Result of manually setting the variance along task variable. a The mixture of GMMs, b the mixture of GMMs after manually setting the variance along task variable and c the underlying regression surface

For evaluation, we generate linearly spaced samples of \(\varvec{\mathcal {T}}\) and s within the demonstrated ranges and use GMR to predict the value of \(\mathcal {F}\) for each sample, i.e., \( \{ s \times \varvec{\mathcal {T}} \} \mapsto \mathcal {F}\). The surface plot of this data can be visualized in Fig. 2b. We can see that it has a step along the task parameter. This shows that as we have sparse data in the task space (only two trajectories), each GMM in the mixture kept concentrated at regions of demonstrations. Due to data sparsity, the density estimate is overfitted in its current form. The reason for the step in surface plot can be explained by Fig. 2c. If we have well-separated Gaussians (Fig. 2c-top) then their activation functions, calculated as the responsibility term in EM, switches in a very narrow region (Fig. 2c-bottom). The same phenomenon occurred in the regression surface where regions close to a GMM are mostly influenced by it. As we move away, the activation transits sharply to a nearby GMM. This also means that this model is overfitted and can only be useful for exact reproduction of task parameter values in training dataset and it fails to generalize for novel task parameter values. Instead of using EM, a simple trick to avoid overfitting problem could have been to manually specify a reasonable value of variance \(\epsilon \) for the task variables, as in the LWR-based approaches [28]. This is analogous of applying a regularization term along task variables. Although this can provide interpolation behavior, it fails to extrapolate beyond the demonstrated regions, as the underlying regression surface changes its behavior beyond the demonstrated interval as shown in Fig. 3.

4 Generalizing from incomplete data via the EM

Due to the few demonstrations, the challenge of data sparsity is posed in task space. We show that the data sparsity problem can be solved by augmenting the training data with the additional incomplete data spanning the input space. This can subsequently be used for getting a better estimate of the underlying distribution and thus improving the generalization behavior of the already learned GMMs. Since the mixture of GMMs is a generative model, it can benefit from incomplete data [3].

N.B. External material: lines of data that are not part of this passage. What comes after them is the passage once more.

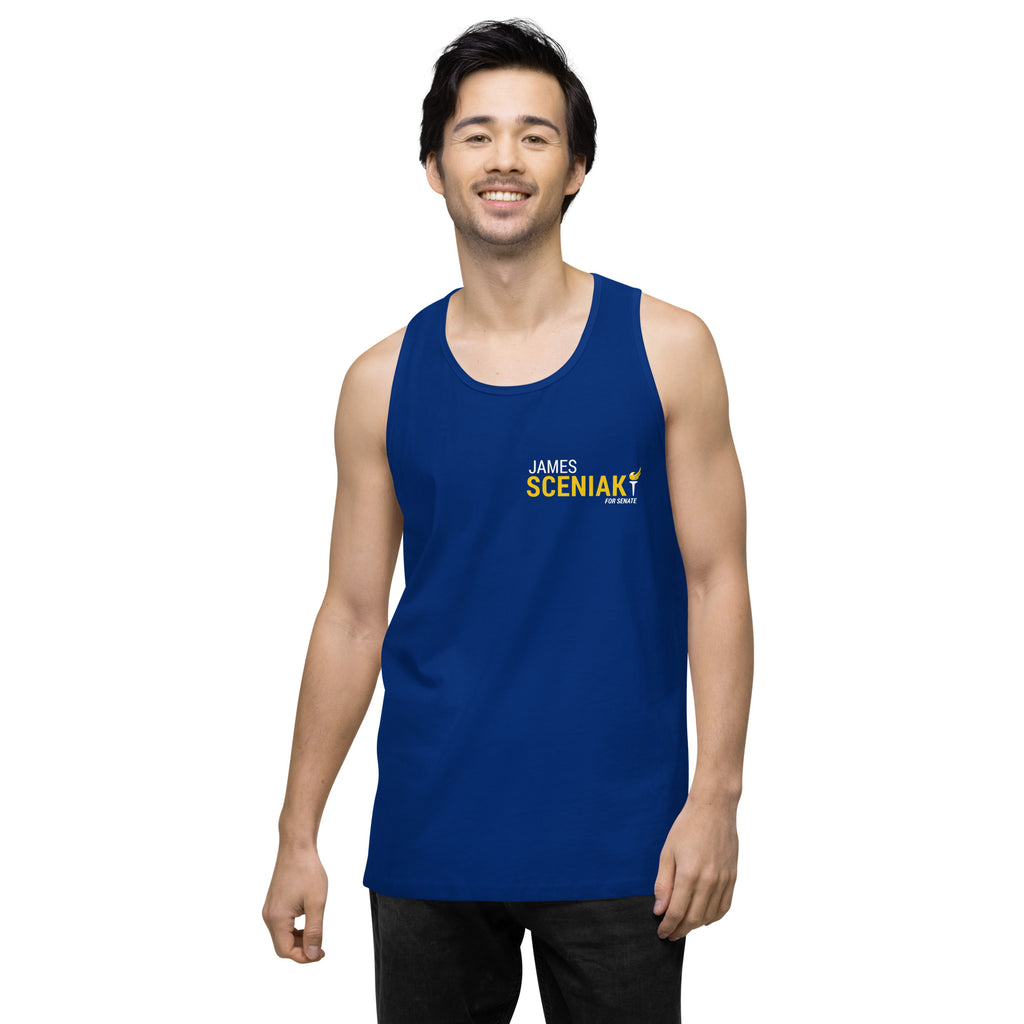 Sceniak for Senate Men’s premium tank top - Proud Libertarian - Sceniak for Senate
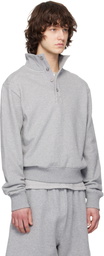 Entire Studios Gray Port Pullover Sweatshirt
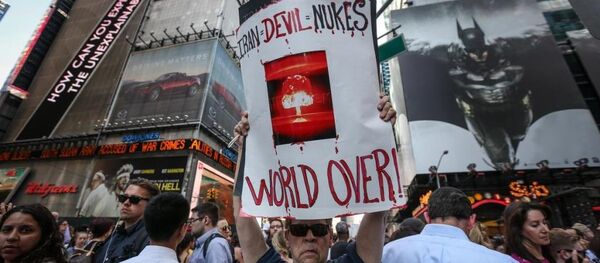 New York nükleer protestosu - Sputnik Türkiye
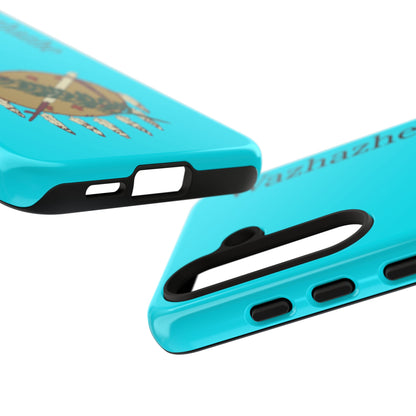 Osage Phone Case — Wazhahze Tribal Shield Design (Native Feather & Tomahawk)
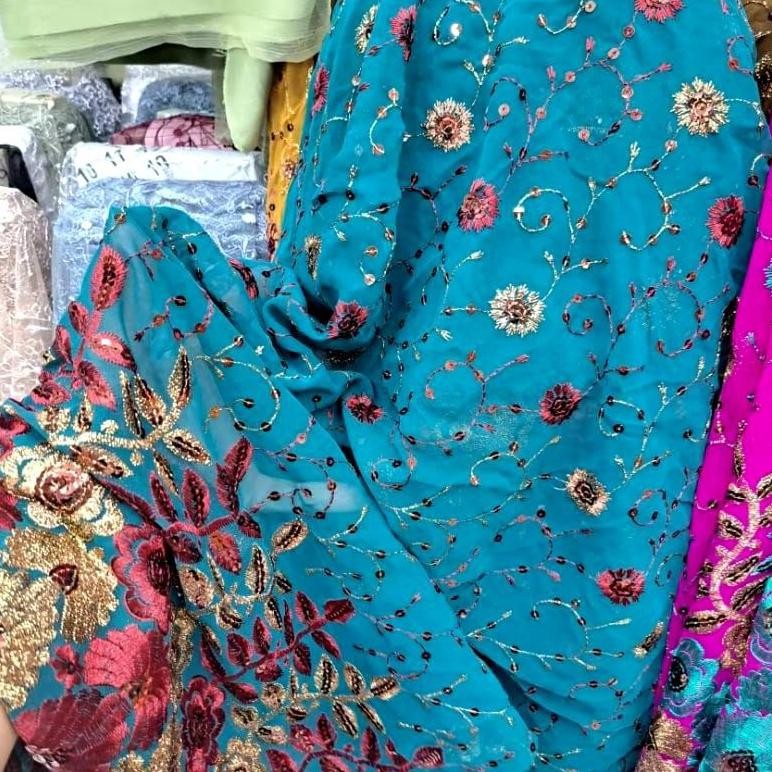 DF152>> Kain Sari india premium / Bahan sari india termurah guyss...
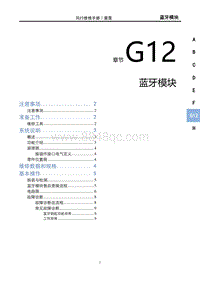 2023雷霆EV维修手册-G12 蓝牙模块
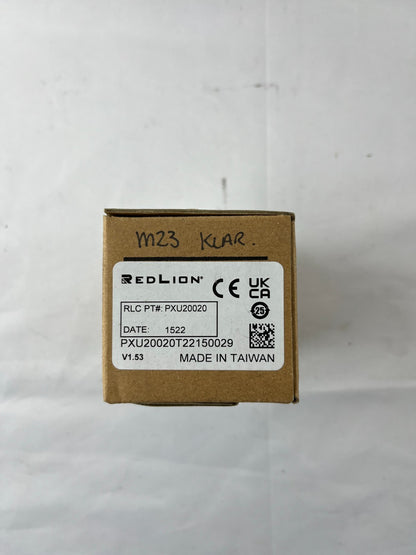 Red Lion PXU20020 Digital PID Temperature Controller 48x48mm 100-240VAC Logic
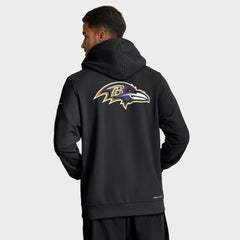 Baltimore Ravens Sideline Standard Issue Utility Player Dri-FIT Full-Zip Hoodie Black - Nike
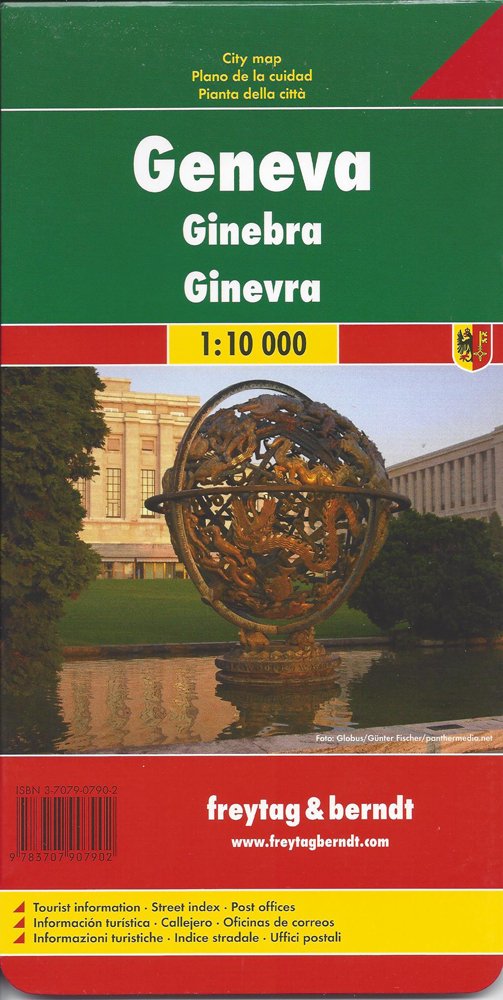 Genf 1 : 10 000. Stadtplan book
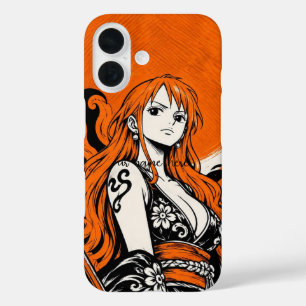 Nami One Piece Oranje Esthetiek Anime iPhone Hoesj 16 Hoesje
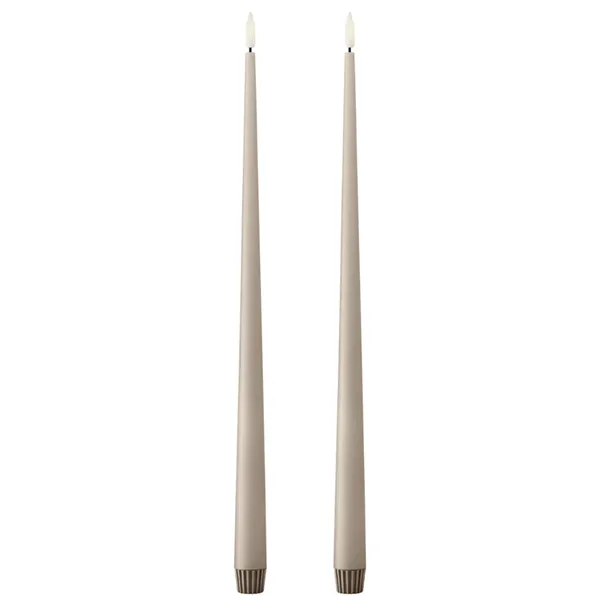 Led-Lys 2-pak 40 cm Linen Grey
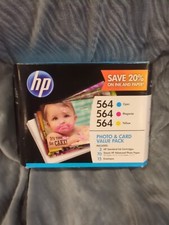 Genuine HP 564 C/M/Y 3 Ink Cartridge w/ Photo & Card Value Pack (Exp 06/2017) picture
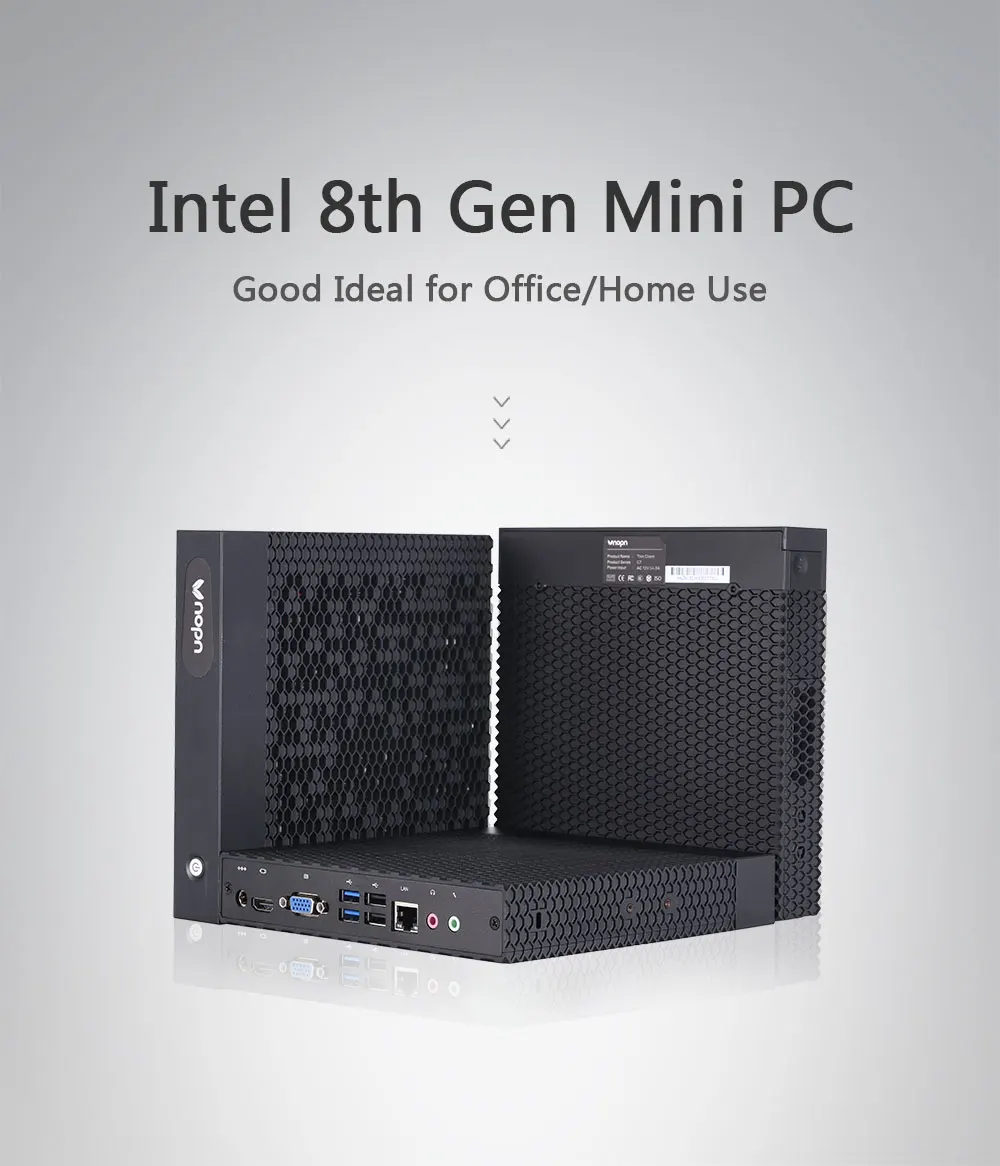 K558-C7 Intel Core i5 8250U четырехъядерный мини-ПК с вентилятором DDR4 настольный компьютер 4K HDMI VGA 6* USB WiFi i3 5005U офисные и домашние неттопы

4.1 Defining input data distribution

For a task-parameterized DMP, the input variables are \((s,\varvec{\mathcal {T}})\) for which we want to predict the value of output \(\mathcal {F}\). Without loss of generality, we can assume that the input variables are independent of each other but conditionally dependent for a given output value, as shown in Fig. 4.

Fig. 4

Graphical model illustrating dependence of input and output variables

We first separately model the distribution of each input variable. Among the input variables, the clock signal s is generated by an exponentially decaying function (canonical system) and has uneven distribution of samples in different regions. Since a GMM can model any arbitrarily complex density function, we model the distribution of s by fitting a univariate GMM with W components (through EM) to its samples \(\varvec{\theta }^s_{(W)}={\{{\pi }_w^s,\mu _w^s,{({\sigma _w^s})^2}\}}_{w=1}^W\). The same procedure cannot be used for the very limited samples of task parameters \(\varvec{\mathcal {T}}\), which are equal to the number of demonstrations. For simplicity, we assume each dimension of task variables to follow a univariate normal distribution, i.e., for the dth dimension of \(\varvec{\mathcal {T}} = [ \mathcal {T}^1 \ldots \mathcal {T}^d \ldots \mathcal {T}^D ]^\top \), \(\mathcal {T}^d \sim \mathcal {N}\big ( \mu _d,\sigma _d^2\big ) \) where \(\mu _d = \frac{\mathcal {T}_1^d+\mathcal {T}_2^d+\dots +\mathcal {T}_M^d}{M}\) and \(\sigma _d^2 = \frac{1}{M-1} \sum \nolimits _{i=1}^{M} (\mathcal {T}_i^d-\mu _d)^2\).

Since the inputs are provided in a regression problem, we refer to them as the observable variables. Similarly, the output variables that need to be predicted are termed as missing variables. Using the assumption of independence, the resultant distribution of the input variables is defined by concatenating all the distribution learned separately to form a multivariate GMM with W components.

\({\varvec{\theta }}^\mathrm{obs}_{(W)}={\{{\pi }_w^\mathrm{obs},{\varvec{\mu }}_w^\mathrm{obs},{{\varvec{\Sigma }}}_w^\mathrm{obs}\}}_{w=1}^W\) with \(\pi _w^\mathrm{obs} = \pi _w^s\),

\(\varvec{\mu }_w^\mathrm{obs} = \begin{bmatrix} \mu _w^s \\ \mu _1 \\ \vdots \\ \mu _D \end{bmatrix}\)    and    \(\varvec{\Sigma }_{w}^\mathrm{obs} = {\left[ \begin{array}{cccc} (\sigma _{w}^{s})^2 &{}\quad 0 &{}\quad \dots &{}\quad 0 \\ 0 &{}\quad \sigma _1^2 &{}\quad \ddots &{}\quad \vdots \\ \vdots &{}\quad \ddots &{}\quad \ddots &{}\quad 0 \\ 0 &{}\quad \ldots &{}\quad 0 &{}\quad \sigma _D^2 \end{array} \right] }\).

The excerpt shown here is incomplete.